How to complete this task: In the data below, find the line containing "LePage 1819160 Wood" and the line containing "SNDWAY Handheld Vibration", then reproduce them and every line between, exactly. Omit pictures.

(Dataset records)
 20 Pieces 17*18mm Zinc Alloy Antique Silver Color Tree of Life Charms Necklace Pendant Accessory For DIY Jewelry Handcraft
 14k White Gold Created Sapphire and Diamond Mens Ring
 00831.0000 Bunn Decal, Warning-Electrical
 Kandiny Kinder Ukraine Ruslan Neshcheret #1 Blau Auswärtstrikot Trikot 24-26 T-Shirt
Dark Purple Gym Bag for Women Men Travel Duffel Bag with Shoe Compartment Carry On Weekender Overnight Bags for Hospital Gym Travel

...

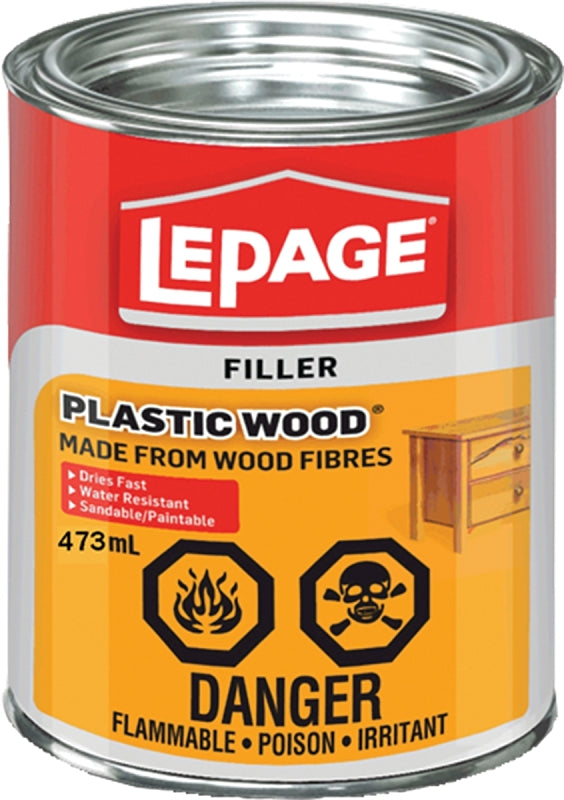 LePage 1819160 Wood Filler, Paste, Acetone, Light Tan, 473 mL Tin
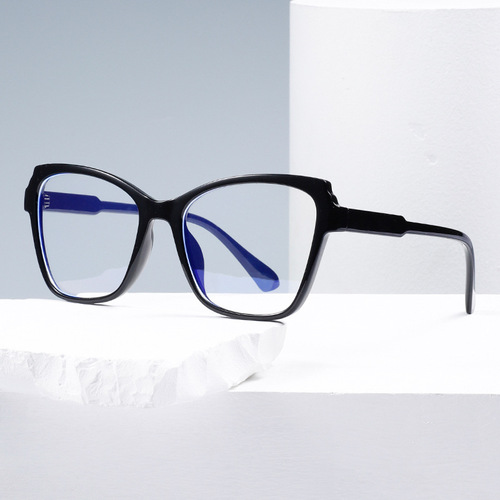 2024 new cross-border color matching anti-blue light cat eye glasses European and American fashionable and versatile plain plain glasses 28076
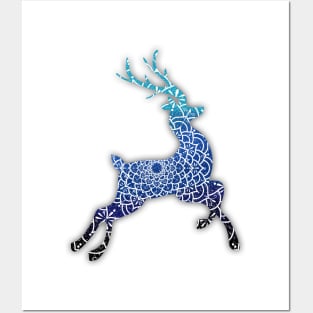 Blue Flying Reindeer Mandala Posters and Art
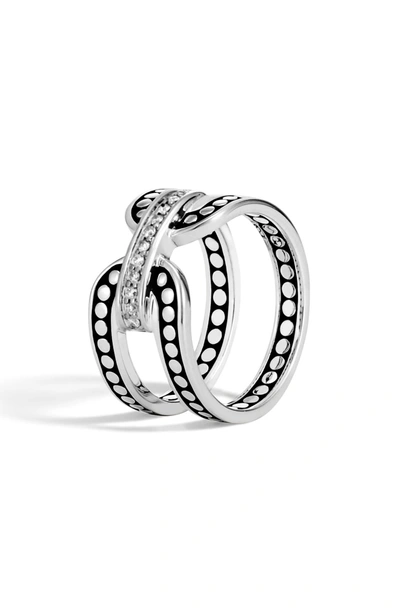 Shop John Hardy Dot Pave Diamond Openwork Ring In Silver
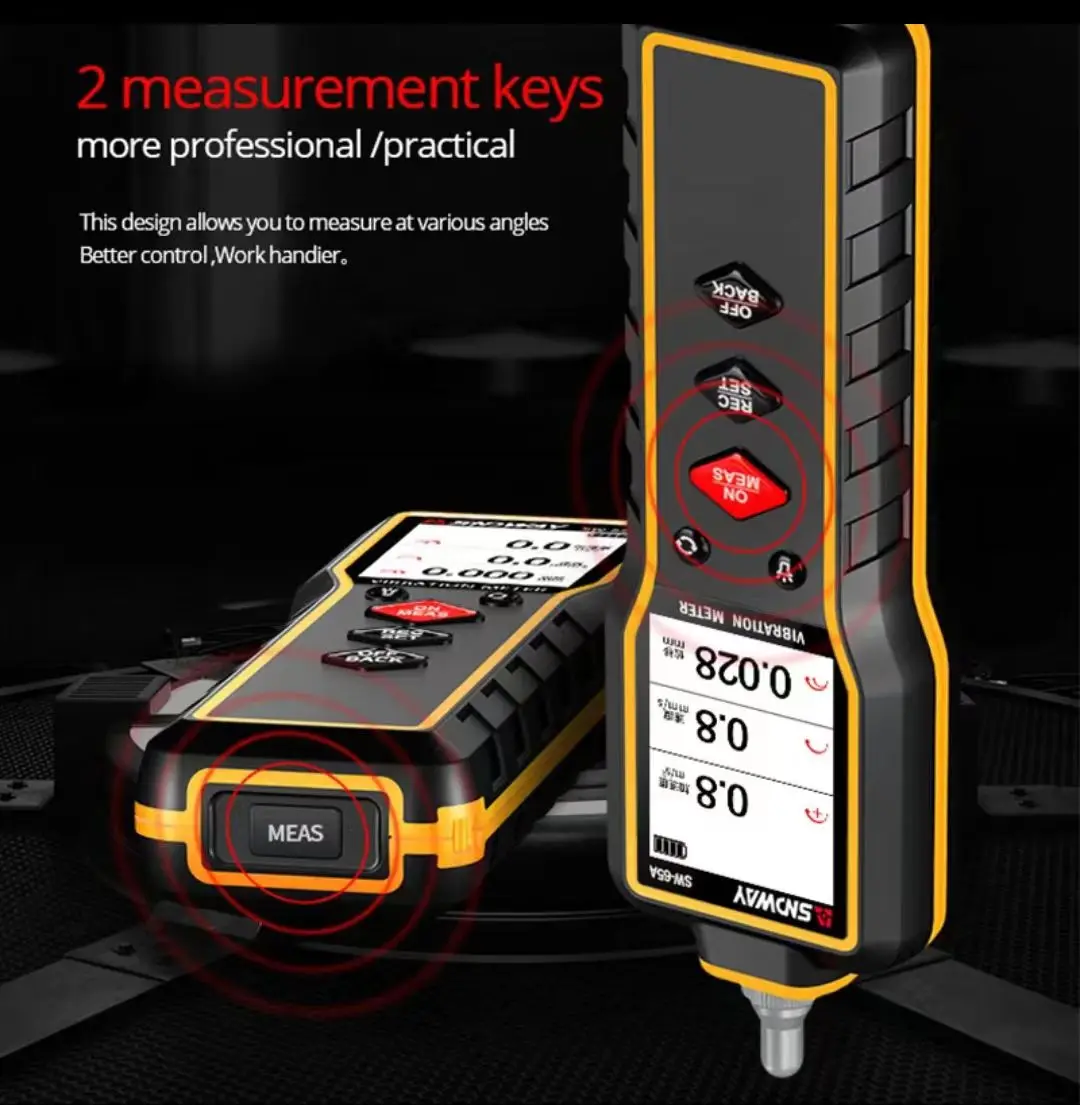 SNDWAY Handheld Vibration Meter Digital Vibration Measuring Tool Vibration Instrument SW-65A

The completed task:
 LePage 1819160 Wood Filler, Paste, Acetone, Light Tan, 473 mL Tin
 2024 new cross-border color matching anti-blue light cat eye glasses European and American fashionable and versatile plain plain glasses 28076
 Blue Flying Reindeer Mandala Posters and Art
 Shop John Hardy Dot Pave Diamond Openwork Ring In Silver
 SNDWAY Handheld Vibration Meter Digital Vibration Measuring Tool Vibration Instrument SW-65A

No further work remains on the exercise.